Versuchter Betrug ?

  • Auch wenn man das als Rechtsanwalt einer Angestellten überantwortet, sollte doch bei der Kontrolle von Buchhaltung sowie Kontoauszügen/Online-Banking irgendwann auffallen, dass die Zahlungseingänge nicht kongruent zum Aktenbestand sind (wenn ich viele BerH-Mandate habe, gibt es viele Gutschriften um € 100,00 aus der Landeskasse).

    Nun, wenn er denn kontrolliert, fällt es möglicherweise auf. Wenn er nur schaut, wie hoch der Kontostand ist, wird es schwierig. Wenn es viele Akten sind und der Anwalt blind unterschreibt, eher nicht. Und wenn sich die Angestellte noch viel Mühe bei den Kontoauszügen gibt...

    edit: falsches Wort ausgetauscht

  • Mal vom Strafverfahren abgesehen.
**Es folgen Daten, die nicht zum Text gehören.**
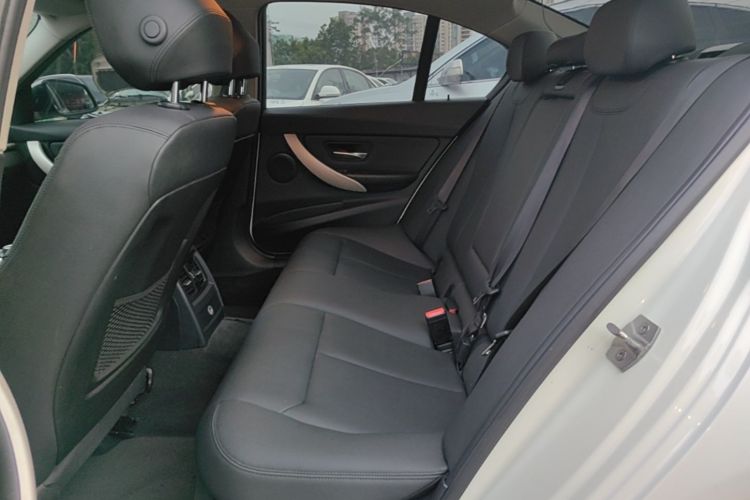 BMW 3 Series 2015 #17 BMW 3 Series 2015 car image #17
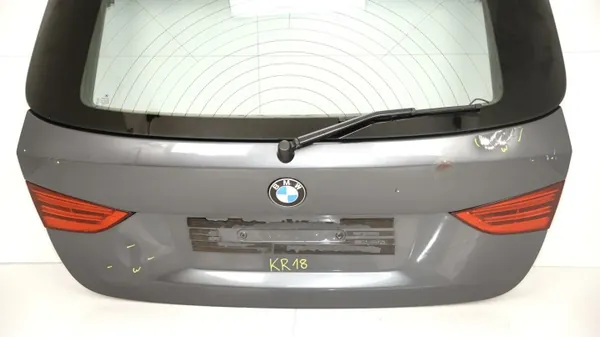 BMW X1 E84 Baklucka OEM 360180197 - Begagnad image 3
Wenn ich das richtig verstanden habe, sind in großem Umfang zu Unrecht Beratungshilfevergütungen aus der Staatskasse ausgezahlt worden. Sollte nicht auch die Bezirksrevisorin/der Bezirksrevisor informiert werden, damit sie/er Erinnerung gegen die Vergütungsfestsetzungen einlegen kann, und dann die zu Unrecht vereinnahmten Gelder gem. § 1 Abs. 1 Nr. 8 JBeitrO zurück geholt werden können ?

  • Wenn ich das richtig verstanden habe, läuft dass alles im Betrugsverfahren. Erst wenn feststeht, wie hoch der Schaden wirklich ist, wird das zu unrecht ausgezahlte Geld im Wege des Strafverfahrens zurückgeholt. Wie das dann läuft weiß ich nicht. Aber ich lass mich gerne eines Besseren belehren.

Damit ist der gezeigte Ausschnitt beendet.